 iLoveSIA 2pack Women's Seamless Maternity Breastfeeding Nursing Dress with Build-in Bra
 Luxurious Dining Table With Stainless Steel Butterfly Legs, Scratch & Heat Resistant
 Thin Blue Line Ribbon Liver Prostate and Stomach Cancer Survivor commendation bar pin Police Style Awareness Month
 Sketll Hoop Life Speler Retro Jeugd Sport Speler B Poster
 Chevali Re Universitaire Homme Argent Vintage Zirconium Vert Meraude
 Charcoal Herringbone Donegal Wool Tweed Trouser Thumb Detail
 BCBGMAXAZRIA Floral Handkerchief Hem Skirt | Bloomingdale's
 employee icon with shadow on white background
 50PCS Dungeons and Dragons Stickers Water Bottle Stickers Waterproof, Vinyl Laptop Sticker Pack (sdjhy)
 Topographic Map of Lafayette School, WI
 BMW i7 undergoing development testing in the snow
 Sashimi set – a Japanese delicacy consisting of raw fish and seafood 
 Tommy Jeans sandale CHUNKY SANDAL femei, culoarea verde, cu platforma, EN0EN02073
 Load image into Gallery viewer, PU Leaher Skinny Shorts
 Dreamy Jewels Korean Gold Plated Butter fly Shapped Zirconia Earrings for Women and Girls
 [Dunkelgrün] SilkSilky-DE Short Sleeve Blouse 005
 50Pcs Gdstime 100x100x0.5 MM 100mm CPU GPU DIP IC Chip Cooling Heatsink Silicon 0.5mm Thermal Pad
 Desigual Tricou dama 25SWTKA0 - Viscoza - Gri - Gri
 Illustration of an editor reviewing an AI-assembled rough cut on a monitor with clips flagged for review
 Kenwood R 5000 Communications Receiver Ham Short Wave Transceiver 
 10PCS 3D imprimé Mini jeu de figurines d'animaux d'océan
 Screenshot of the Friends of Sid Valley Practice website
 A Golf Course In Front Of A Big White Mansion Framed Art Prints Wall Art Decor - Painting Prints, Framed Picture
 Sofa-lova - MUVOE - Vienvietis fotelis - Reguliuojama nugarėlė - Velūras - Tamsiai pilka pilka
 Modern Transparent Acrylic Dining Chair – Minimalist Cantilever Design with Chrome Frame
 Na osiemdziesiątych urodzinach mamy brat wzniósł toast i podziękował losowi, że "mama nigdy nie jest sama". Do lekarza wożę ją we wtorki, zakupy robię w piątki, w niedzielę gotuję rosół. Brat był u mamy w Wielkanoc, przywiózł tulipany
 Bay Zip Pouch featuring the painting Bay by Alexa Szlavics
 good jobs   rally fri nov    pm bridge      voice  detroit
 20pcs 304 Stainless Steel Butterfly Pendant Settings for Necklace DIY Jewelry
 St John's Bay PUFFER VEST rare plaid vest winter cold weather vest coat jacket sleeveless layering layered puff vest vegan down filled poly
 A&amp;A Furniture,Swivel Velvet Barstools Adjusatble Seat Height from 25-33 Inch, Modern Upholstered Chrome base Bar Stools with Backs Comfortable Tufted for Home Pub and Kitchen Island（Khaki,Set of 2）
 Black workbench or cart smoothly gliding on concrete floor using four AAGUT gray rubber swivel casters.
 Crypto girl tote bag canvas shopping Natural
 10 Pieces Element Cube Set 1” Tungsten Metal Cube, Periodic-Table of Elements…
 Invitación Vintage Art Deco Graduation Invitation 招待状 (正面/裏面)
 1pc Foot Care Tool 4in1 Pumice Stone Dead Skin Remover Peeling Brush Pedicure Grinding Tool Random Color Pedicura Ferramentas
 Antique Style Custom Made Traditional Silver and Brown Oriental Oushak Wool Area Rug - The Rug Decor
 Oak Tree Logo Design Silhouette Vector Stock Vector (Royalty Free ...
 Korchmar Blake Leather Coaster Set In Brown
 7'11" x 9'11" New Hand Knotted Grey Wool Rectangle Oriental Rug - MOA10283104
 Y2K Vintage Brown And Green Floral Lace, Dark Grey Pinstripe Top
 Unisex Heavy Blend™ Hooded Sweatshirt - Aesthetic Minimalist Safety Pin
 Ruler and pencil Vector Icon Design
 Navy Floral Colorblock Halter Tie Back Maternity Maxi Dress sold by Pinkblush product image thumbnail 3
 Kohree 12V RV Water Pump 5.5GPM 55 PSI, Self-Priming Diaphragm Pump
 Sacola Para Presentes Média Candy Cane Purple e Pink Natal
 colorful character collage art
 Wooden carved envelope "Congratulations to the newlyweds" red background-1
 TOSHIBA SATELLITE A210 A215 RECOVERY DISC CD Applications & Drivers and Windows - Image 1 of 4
☆ ☆ ☆ ☆
Directions for this task ▸
Only the lines from the one containing "Unisex Heavy Blend™" through the last line of the material should be returned, each one exactly as written.

Answer for this exercise ▸
 Unisex Heavy Blend™ Hooded Sweatshirt - Aesthetic Minimalist Safety Pin
 Ruler and pencil Vector Icon Design
 Navy Floral Colorblock Halter Tie Back Maternity Maxi Dress sold by Pinkblush product image thumbnail 3
 Kohree 12V RV Water Pump 5.5GPM 55 PSI, Self-Priming Diaphragm Pump
 Sacola Para Presentes Média Candy Cane Purple e Pink Natal
 colorful character collage art
 Wooden carved envelope "Congratulations to the newlyweds" red background-1
 TOSHIBA SATELLITE A210 A215 RECOVERY DISC CD Applications & Drivers and Windows - Image 1 of 4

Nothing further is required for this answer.